In both cases we take action to avoid immediate pain without considering how far from what we truly desire that this path might be taking us.
I decided to break down the motive hierarchy behind exercise in today’s video, but similar work could be done for relationships, business, or any activity. This may not apply to everyone and if you have always been at stage four, well you fucking rock! But for those of us caught up on stages 1-3, knowing the progression can help us to break through.
1) Self loathing and/or Rock Bottom “I work out because I hate my body.” “I work out to escape depression.” “I work out to distract myself from my unacceptable career, partner or other aspect of my life situation.” “I work out because my health situation could kill me.”
2) Fear of Self loathing and/or Rock Bottom “I work out because I am scared to be that person again who was… fat/depressed/too weak to change/unconfident or literally dying.”
3) Desire for self love “I work out because I want to be… fit/sexy/happy/confident/mobile/active.”
4) Self love “I work out because I am fit/sexy/happy/confident mobile/active.
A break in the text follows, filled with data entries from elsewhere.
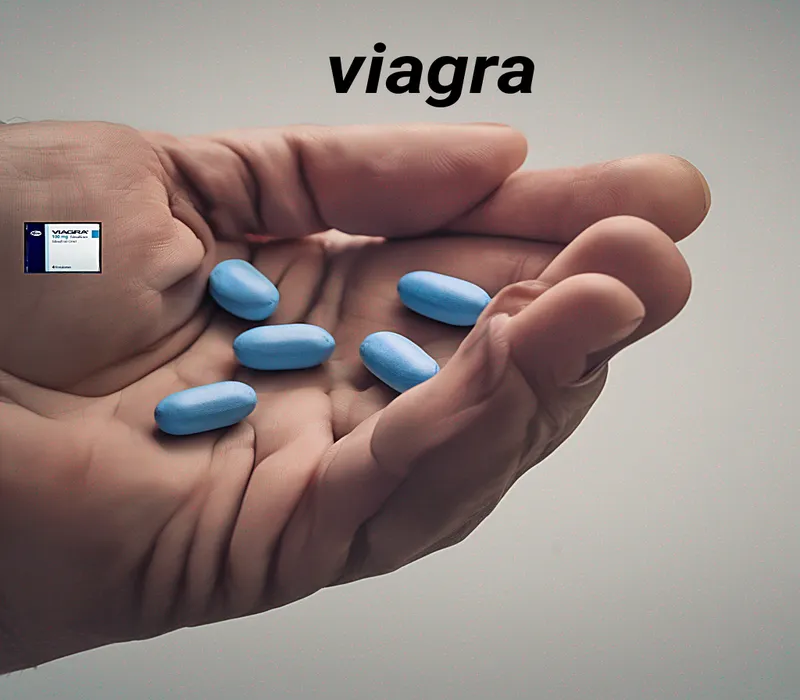 El precio del viagra en españa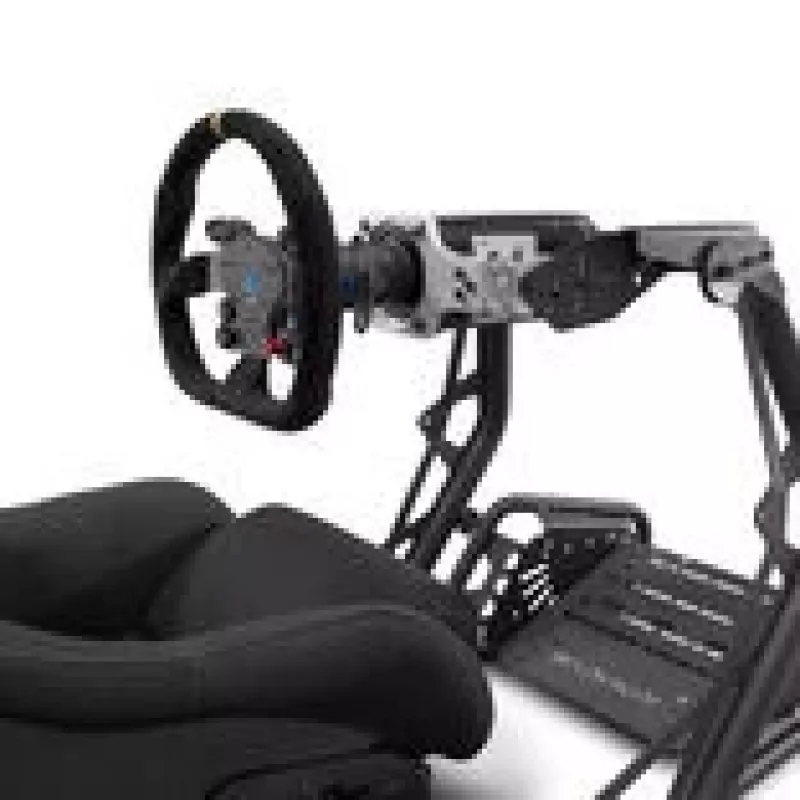 Acessório para cadeira gaming PLAYSEAT RAC.00260 peça metálica de substituição para cadeiras de simulador de corrida
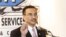 Hishammuddin Hussein.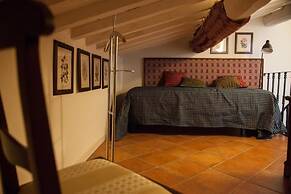 Locanda Degli Artisti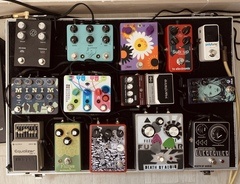 Milkman Sound Milkman F-Stop Reverb/Tremolo - What To Know & Where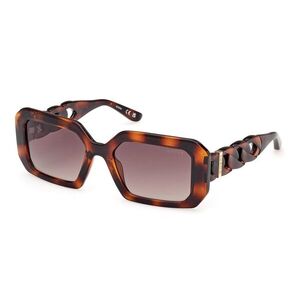 Guess GU00110 52F ONE SIZE (54) Havana Férfi Napszemüvegek kép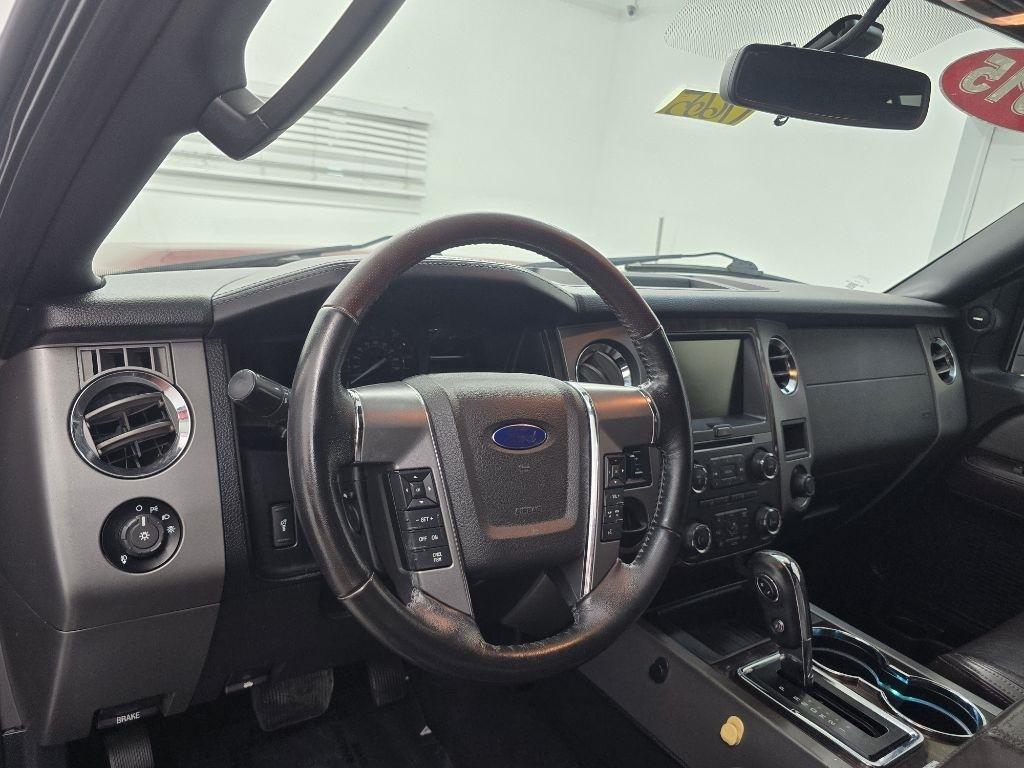 Ford Expedition Platinum 2WD 2015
I am motherfucking grateful and I respect myself!!”
Notice that none of this touches on “I work out because I enjoy it.” Everyone has physical activities they enjoy and ones they don’t enjoy. But for many people this is not the primary motivation behind an active lifestyle. Yes, some people do love a sport, and they simply engage it in for the pure joy of it. It’s very likely that the joy comes from the needs the activity meets for the person. Many activities do just have their own inherent joy, and what those activities are will vary person to person.
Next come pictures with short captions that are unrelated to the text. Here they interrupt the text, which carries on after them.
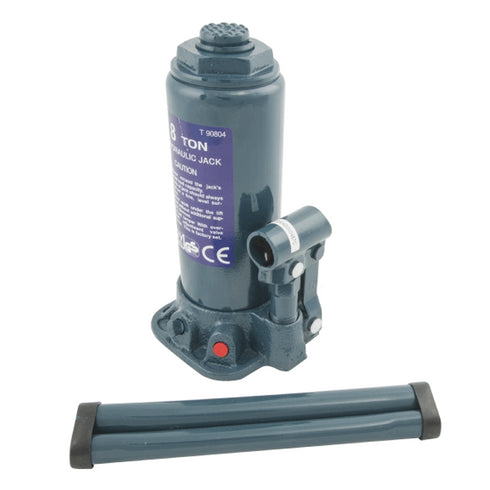 MCANAX BOTTLE JACK 8 TON   (S)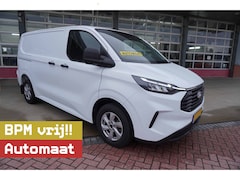 Ford Transit Custom - 280S 2.0 TDCI 136PK L1H1 Trend Automaat nr. V057 | Airco | Cruise | Camera | Apple CP | LM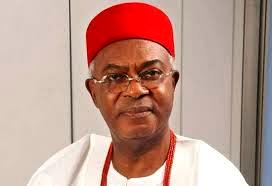 IPOB does not have right to stop Anambra election – Obi of Onitsha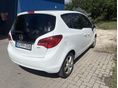 OPEL MERIVA B 2012/6 - 4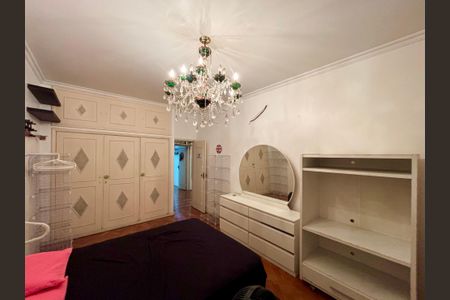 Apartamento para alugar com 250m², 3 quartos e 1 vagaQuarto 1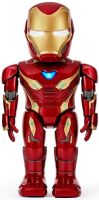 Радиоуправляемый робот UBTECH Iron Man (MK50)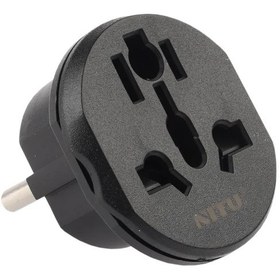 تصویر مبدل برق نیتو مدل NT-A3 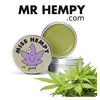 Cannopathy Rescue Hemp Balm Vanilla (80% Hemp Botannicals) 15g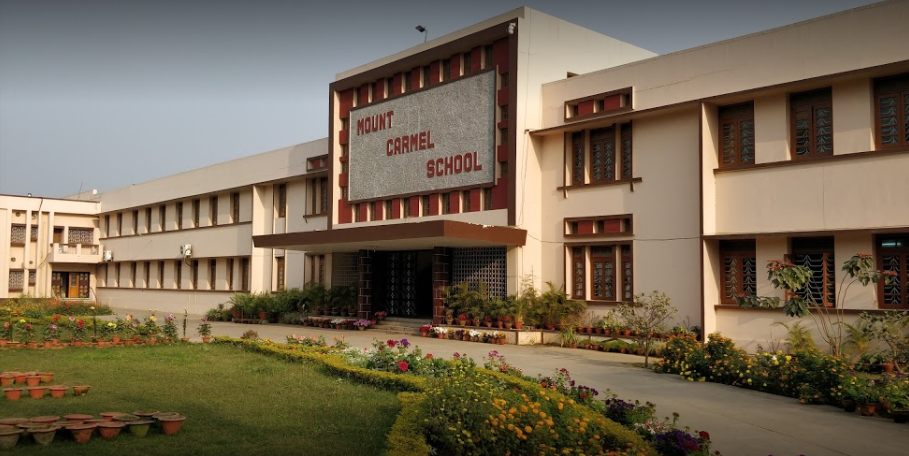 Mount Carmel School
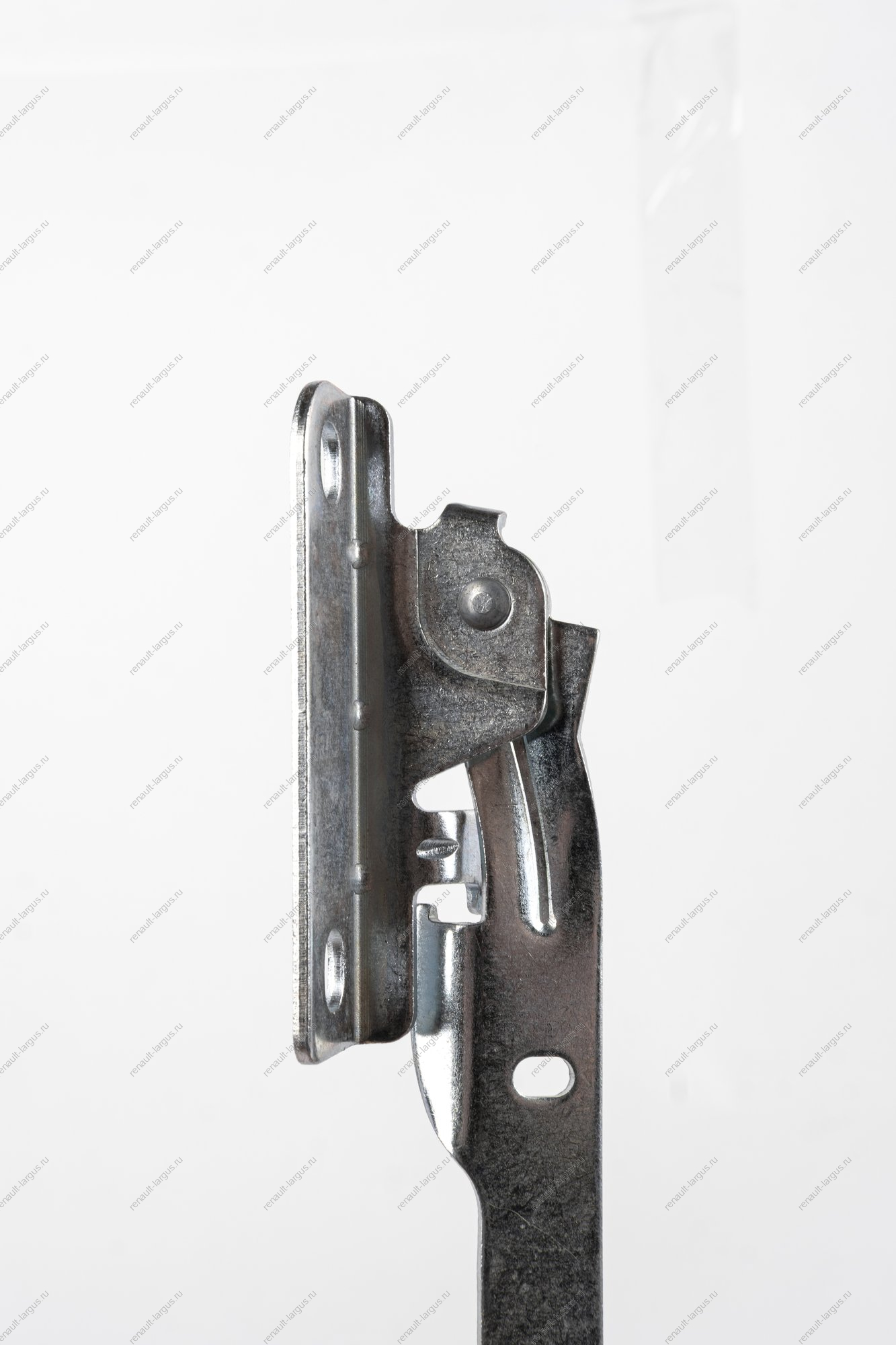 Петля капота левая LADA Largus/RENAULT Logan 04-13 Renault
The issue here is if we are not aware of our motivations, it can negatively impact our prolonged success and overall happiness. This can happen when our physical transformation and our mental acclimation are not in sync. We may have changed our body, gotten out of the danger zone, but we’re still not happy with ourselves. If we were happy with ourselves, we’d lose our motivation.
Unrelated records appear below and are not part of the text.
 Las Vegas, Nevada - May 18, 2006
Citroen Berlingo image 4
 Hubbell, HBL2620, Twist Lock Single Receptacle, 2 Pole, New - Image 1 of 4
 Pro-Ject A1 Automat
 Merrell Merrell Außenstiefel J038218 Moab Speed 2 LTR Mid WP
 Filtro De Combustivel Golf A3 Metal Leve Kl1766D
If we only know how to push ourselves out of hatred and fear then our new way of living won’t be both enjoyable AND sustainable. We need to learn how to lovingly motivate ourselves. Hating yourself or living in fear is no way to go through life, and falling on and off the same horse is a really aggravating cycle.
If we want to live the life we dream, it has to be sustainable and enjoyable. Likely it’s already enjoyable or it wouldn’t be our dream, but how to we make it last? Well it can’t last out of to motivation that comes from deep dissatisfaction. How could we be both happy and deeply dissatisfied? We can’t. But if we are satisfied, how do we keep going?
It’s simple really, we understand that life is a never-ending learning and growing process. We free our self from the notion that we are going to arrive at our goal, instead we make our goal the sustainable pursuit of moving more and more into alignment with our best self. We pursue greatness, and know that we are already great for doing so.
There’s a quote that says “Always be happy, never be satisfied.” I say fuck that. I say “Be happy, be satisfied, but keep fucking going!!” If you always need to revert to dissatisfaction to get motivated to do what makes for a happy life, then surprise surprise, that’s exactly what you will do.
Break the cycle. If you’re in desperation mode, if you have serious physical or mental risks associated with staying in your present situation, it’s totally fine to use that dire motivation to improve. There is nothing wrong with stage one, most of us have been there, and more than once.
It’s that more than once that sucks. By recognizing this pattern and understanding it, by seeing how it may have prevailed in our own life, we can eliminate the need to repeat the steps that take place in an unhappy period of our lives and we can work and aspire toward living in a beautiful state every day of our lives.
Peace, love and understanding. Give it to others, but most importantly give it to yourself.